PROBLEM DESCRIPTION:
The expected output is the full data, repeated exactly, without pictures.

DATA EXTRACT:

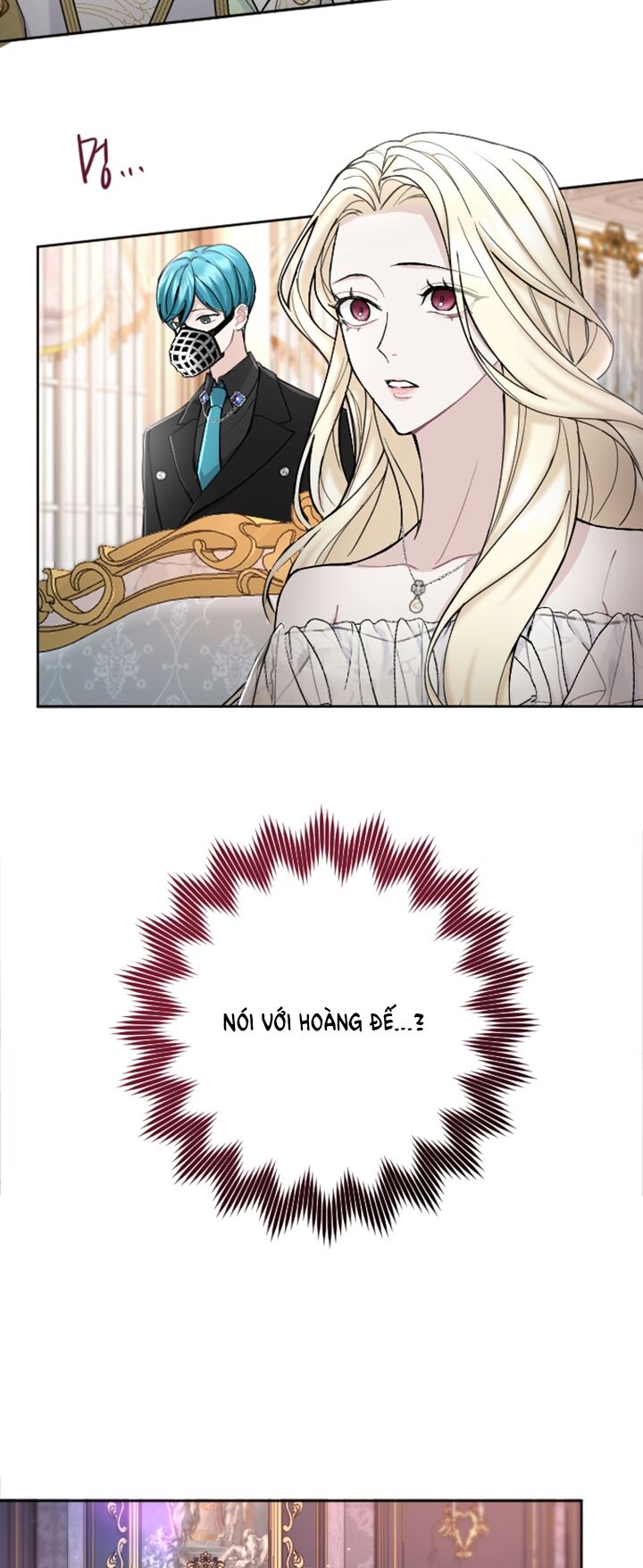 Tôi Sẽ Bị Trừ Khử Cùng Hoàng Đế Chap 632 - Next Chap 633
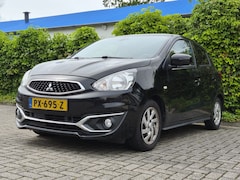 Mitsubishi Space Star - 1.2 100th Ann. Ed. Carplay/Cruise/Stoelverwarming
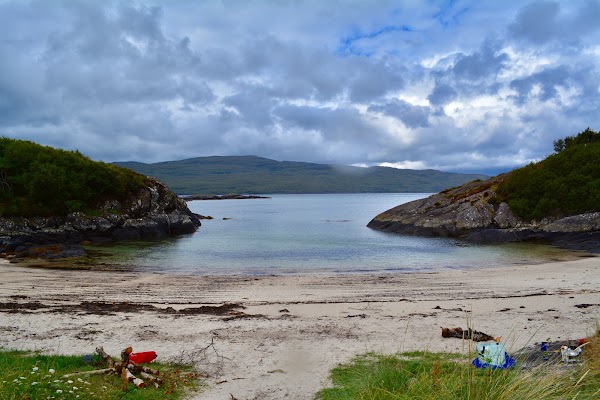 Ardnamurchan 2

WRITTEN SOLUTION:
 Tôi Sẽ Bị Trừ Khử Cùng Hoàng Đế Chap 632 - Next Chap 633
 Mitsubishi Space Star - 1.2 100th Ann. Ed. Carplay/Cruise/Stoelverwarming
 Ardnamurchan 2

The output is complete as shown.